Based on the advice received from the Nematodirus Advisory Group the Department of Agriculture Food and the Marine farmers will be advised of the potential risk of disease in livestock.
Nematodirosis is a severe disease of 6-12 week old lambs, which become infected through ingesting large numbers of infective larvae present on contaminated pasture. The life cycle of the Nematodirus battus worm is unusual in that, typically, there is a mass hatching of larvae in spring when the soil temperature increases after a period of cold weather. Disease is characterised by dehydration, profuse diarrhoea and weight loss.
Mortality can be high in untreated lambs. Nematodirus larvae invade the intestinal mucosa after ingestion and in some cases death may occur before signs of diarrhoea are observed. Ewes will appear clinically normal to the human eye. To prevent this disease it is best to keep the current year’s lambs off pasture that was grazed by lambs last year. Mean soil temperatures for March this year were slightly colder almost everywhere than their long term average. The maximum Nematodirus larval count is expected by the start of April in the south-west and spreading across the rest of the country by the middle of the month. Nationally the weather conditions leading to maximum larval occurrence were similar to last year and in line with normal conditions. Lambs can show clinical signs of disease two to three weeks from the dates of the disease in peak hatching.
Lambs should be dosed with a suitable anthelmintic from mid to late April in the south and west, while lambs throughout the rest of the country should be dosed from late April to early to mid-May depending on farm location. This will decrease the likelihood of clinical disease later and reduce pasture contamination for the next year. Early lambing flocks where lambs are 5–6 weeks old and already grazing are particularly vulnerable; as are enterprises with higher stocking rates where lambs are grazing pastures grazed by last year’s lambs.
Due to a greater variability in the dates of peak risk this year, along with other factors it is important that veterinary advice should be sought in the event of clinical cases or for a flock control program comprising specific measures for any intensive sheep flock. It is recommended that any lambs that die of unknown causes are submitted to a regional veterinary laboratory for post-mortem examination as Nematodirusbattus can cause death before clinical signs are apparent.
Benzimidazoles (white drench) and levamisole (yellow drenches) are effective against larval and adult stages ofNematodirus battus. Currently there are no drenches with effective residual activity against Nematodirus which means that as the lamb continues to graze it can become re-infected with larvae again.
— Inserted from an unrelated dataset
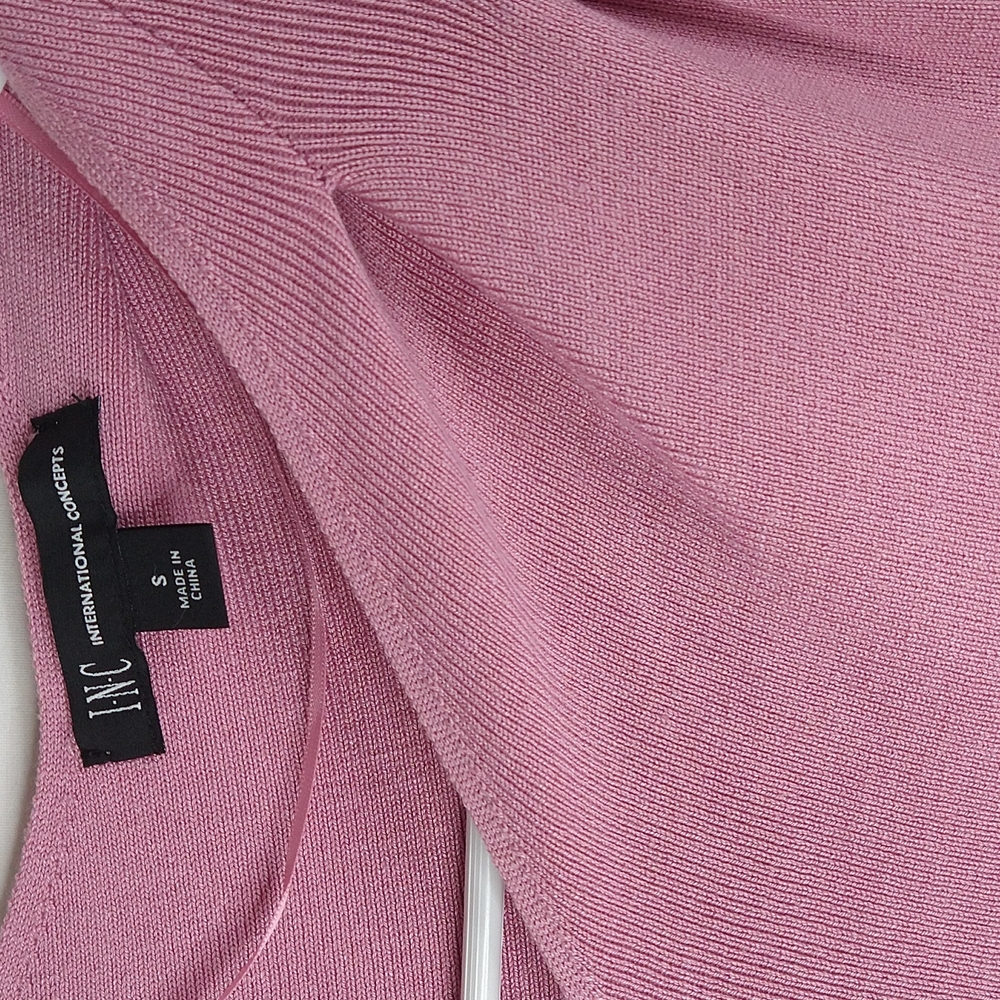 Women's Mauve Cold Shoulder Sweater Size: S - Picture 2 of 4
Please comply with advice re correct use of any medicines on the manufacturer’s data sheet. There is further information about labelling of anthelminthics to distinguish to which group each labelled product belongs on the Health Protection Regulatory Authority’s website at http://www.hpra.ie/docs/default-source/publications-forms/guidance-documents/aut-g0121-guide-to-display-of-chemical-group-symbols-on-product-literature-of-sheep-anthelmintics-v3.pdf?sfvrsn=15
Coccidiosis in lambs: It is also important that farmers are aware that other parasites cause diarrhoea in young lambs and require different control measures and medication. Nematodirus can be wrongly assumed to be the cause of severe diarrhoea in lambs when in fact the cause is a coccidial infection. Rotation of pasture and frequent movement of feeding troughs and watering points to drier areas will help prevent coccidiosis in young lambs as localised poaching creates moist conditions suitable for the spread of this parasite. Raising feeding troughs will also help reduce the contamination of feed with faeces.
It is advisable to consult a private veterinary practitioner for an accurate diagnosis and advice on appropriate medication if lambs with severe diarrhoea and straining are observed. Both nematodirosis and coccidiosis can occur at the same time in the same lambs, so treatment may need to be targeted at both pathogens.